Qualitative Coding for beginners - aggregating codes and cleaning up "dirty" codes (NVIVO)
Based on Qualitative Researcher Dr Kriukow's video on YouTube. If you like this content, support the original creators by watching, liking and subscribing to their content.
Aggregating codes ensures a parent node’s frequency equals the sum of its child nodes, which supports credible frequency reporting.
Briefing
Aggregating codes is essential for presenting clean, defensible counts in qualitative analysis—especially when a main code (or theme) contains child codes (subcodes). In NVivo, “aggregated” coding means the main code’s frequency should equal the sum of its child codes. That matters because results tables and frequency reporting typically assume the totals are complete and internally consistent; if they don’t add up, the coding structure is unreliable.
The walkthrough uses an “emotions” example. The main code “emotions” has eight child codes (stress, happiness, anxiety, love, envy, fear, etc.). When coding is properly aggregated, opening the main code shows eight references that correspond exactly to the extracts assigned to each child code. A key rule follows: there should be no additional extracts coded as “emotions” at the parent level unless they also belong to one of the child codes. If extra parent-level coding exists without a matching child code, the parent total will include “unaccounted” references and break the expected arithmetic.
NVivo supports this with a specific operation: right-click the main code and choose “Aggregate coding from children.” When selected, the main code’s count reflects the sum of its child codes. The transcript then contrasts this with a “bad coding” scenario where the parent code “emotions” still lists eight child codes, yet the total number of references is higher than expected (e.g., 14 instead of 8). That mismatch signals “dirty codes”—coding artifacts where something is coded at the parent level but not assigned to any of the intended child codes, or where extracts are coded in overlapping ways that inflate totals.
To diagnose and clean these issues, the method is to temporarily disable aggregation (by unchecking “Aggregate coding from children”) to reveal how many extracts are truly coded directly at the parent level. In the example, unchecking aggregation shows six “dirty” items—extracts coded as “emotions” but not as any of the listed child emotions. Cleaning involves un-coding those extracts from the parent “emotions” node (and, where needed, creating the missing child code—such as adding a “shy” child code when an extract was coded only at the parent level). Once the dirty codes are removed and the missing child codes are properly created, aggregating from children restores the expected totals.

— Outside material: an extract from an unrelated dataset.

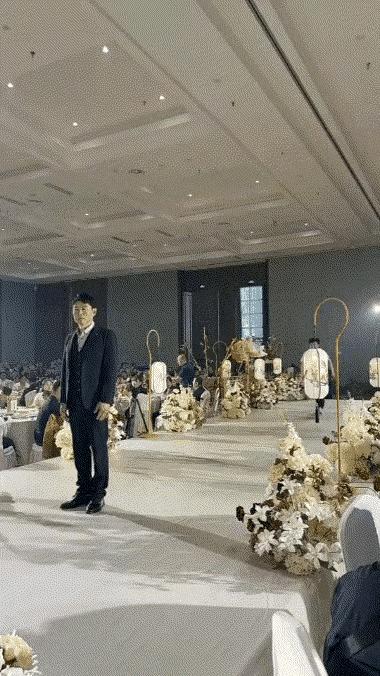 婚礼现场，令人气愤的一幕！新郎站在在台上等新娘进场，不料，一个朋友婚闹恶作剧，从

Finally, the transcript explains how dirty codes commonly happen during early coding. Analysts often start by coding an early extract as a broad parent concept (e.g., “emotions”), then later decide to create child codes (stress, happiness, etc.) as patterns become clearer. If the analyst doesn’t go back and re-code earlier parent-level assignments into the appropriate child nodes, the dataset ends up with parent-level leftovers. The fix is straightforward: identify parent-level extras by turning off aggregation, re-code them into the correct child nodes (or create missing children), then re-aggregate so the counts add up cleanly.
Cornell Notes
Aggregating codes makes a parent node’s frequency equal the sum of its child nodes, which is crucial when reporting counts in qualitative results. In NVivo, “Aggregate coding from children” should produce parent totals that match the combined frequencies of the child codes. When totals don’t add up, the dataset contains “dirty codes”: extracts coded at the parent level but not assigned to any child code, or overlapping parent/child coding that inflates counts. The cleaning workflow is to uncheck aggregation to expose the parent-level extras, uncode them from the parent, and create missing child codes when needed. After cleanup, re-aggregate so the parent count becomes internally consistent.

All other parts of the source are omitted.